DK8: 1982; 52; 401–413; T101–T104, T106–T108, T1093–T1094, T3023, T3024, T304; Some cars were retrofitted with GTO chopper controls.
DK9: 1983; 4; 502; T1191–T1192, T1195–T1196; Linked with DK6 cars T1193–T1194 in 1996.
DK16: 1987–1989; 1987–2009; 115; 430–441, 4421–4423; T1091–T1092, T1095–T1096, T110–T118, T120–T122, T124–T127, T1281–T1285, T3021–T3022, T3025–T3026, T303; Several cars were retrofitted with GTO chopper controls.
DK19: 1989; 1989–2008; 1; 4424; T1286; Linked with DK16 cars T1281–T1285.

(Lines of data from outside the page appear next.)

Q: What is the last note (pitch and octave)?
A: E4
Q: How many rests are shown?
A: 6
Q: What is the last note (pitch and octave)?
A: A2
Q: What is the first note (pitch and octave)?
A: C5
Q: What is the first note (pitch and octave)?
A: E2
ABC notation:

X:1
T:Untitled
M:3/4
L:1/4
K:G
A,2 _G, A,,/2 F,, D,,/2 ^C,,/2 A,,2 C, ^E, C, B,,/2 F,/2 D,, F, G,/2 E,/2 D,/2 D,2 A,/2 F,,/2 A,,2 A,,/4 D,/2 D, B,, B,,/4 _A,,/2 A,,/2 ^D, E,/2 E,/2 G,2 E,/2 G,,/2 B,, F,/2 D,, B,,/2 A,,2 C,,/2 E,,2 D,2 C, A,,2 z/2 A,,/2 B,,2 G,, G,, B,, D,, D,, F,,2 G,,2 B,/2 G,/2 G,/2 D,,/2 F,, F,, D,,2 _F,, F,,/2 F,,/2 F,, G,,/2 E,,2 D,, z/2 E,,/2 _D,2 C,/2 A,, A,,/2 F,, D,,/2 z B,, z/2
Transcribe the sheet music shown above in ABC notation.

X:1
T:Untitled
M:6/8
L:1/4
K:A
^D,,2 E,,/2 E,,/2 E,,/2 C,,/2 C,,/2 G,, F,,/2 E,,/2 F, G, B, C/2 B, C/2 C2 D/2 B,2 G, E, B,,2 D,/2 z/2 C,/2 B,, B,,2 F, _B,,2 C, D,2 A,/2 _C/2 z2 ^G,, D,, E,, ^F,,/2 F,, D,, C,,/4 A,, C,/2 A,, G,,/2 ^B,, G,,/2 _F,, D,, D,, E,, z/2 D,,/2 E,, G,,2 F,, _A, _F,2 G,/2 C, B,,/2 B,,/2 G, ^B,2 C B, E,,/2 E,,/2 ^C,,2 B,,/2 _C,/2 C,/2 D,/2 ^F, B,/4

DKZ1: 1987; 1987–1998; 3; 701; Unknown; Transferred to line 13 in 2002.
BD1: Beijing Subway Rolling Stock Equipment; 1990–1992; 1994–2008; 24; 308–311; T129–T132
BD11: 2000; 2004; 12; —N/a; T305–T306
M: Tokyu Car Corporation; 1984; 1984–1995; 3; —N/a; Transferred to line 13 in 2002.